• _How to complete this task_: Nothing outside the range is to be copied. From the entries below, reproduce exactly the lines starting at the one with "3181 S Ocean Drive Hallandale Beach FL 33009" and ending at the one with "NicolVegaa online show from 04-18-26, 10:41", without pictures.

Top of Material for this exercise

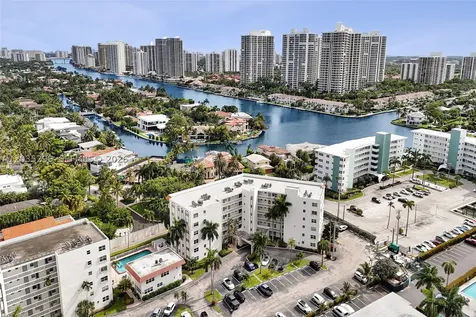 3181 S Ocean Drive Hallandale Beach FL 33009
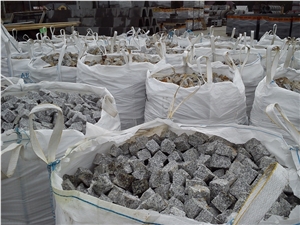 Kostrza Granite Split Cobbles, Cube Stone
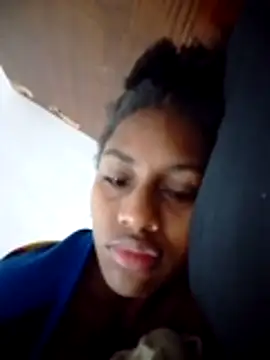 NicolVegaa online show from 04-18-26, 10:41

Bottom of Material for this exercise
Top of Material for this exercise

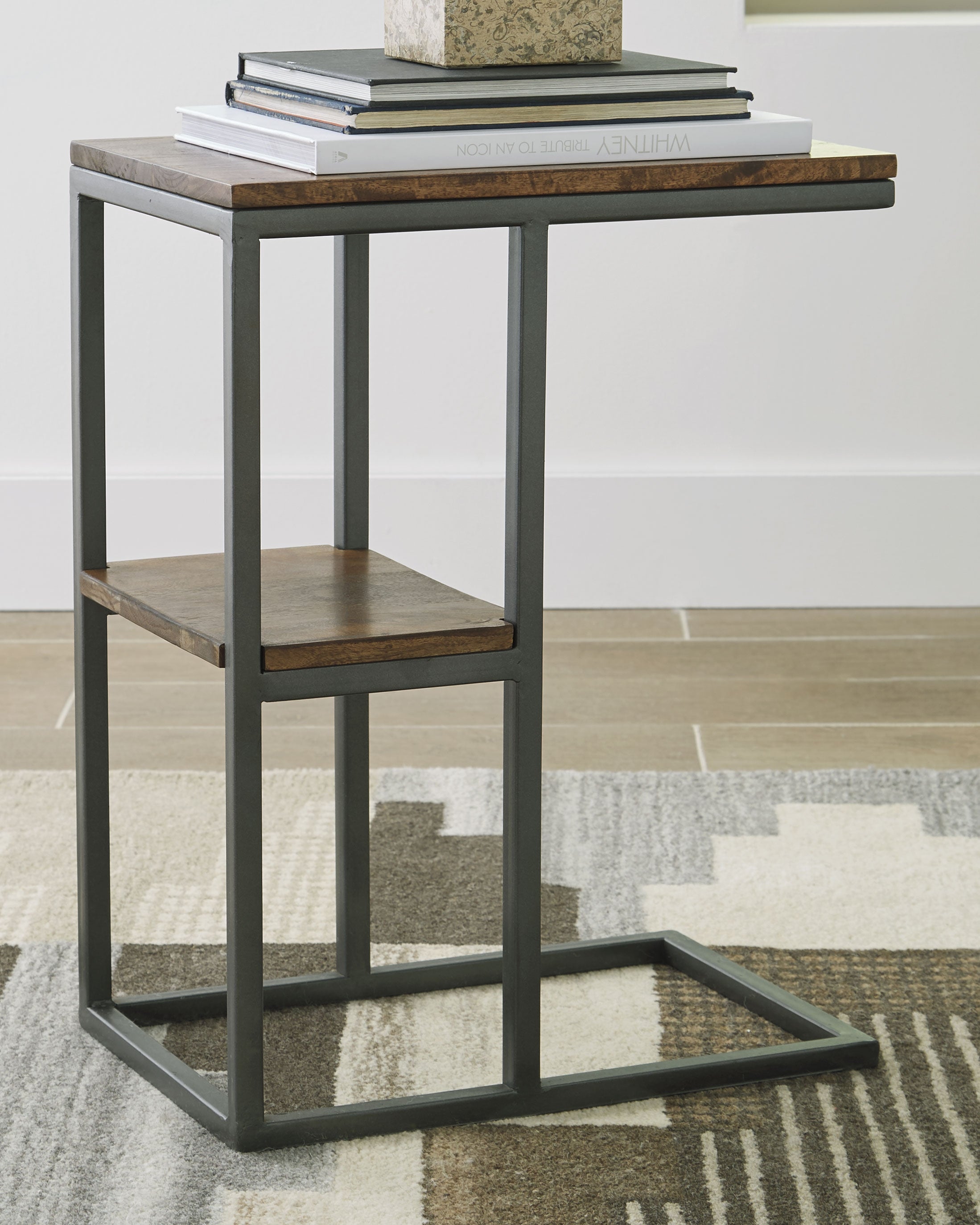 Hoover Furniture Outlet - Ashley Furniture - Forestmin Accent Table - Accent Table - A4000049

Bottom of Material for this exercise
Top of Material for this exercise

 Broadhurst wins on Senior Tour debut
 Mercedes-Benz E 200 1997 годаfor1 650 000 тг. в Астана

Bottom of Material for this exercise

• _Solution to the problem_:
 3181 S Ocean Drive Hallandale Beach FL 33009
 Kostrza Granite Split Cobbles, Cube Stone
 NicolVegaa online show from 04-18-26, 10:41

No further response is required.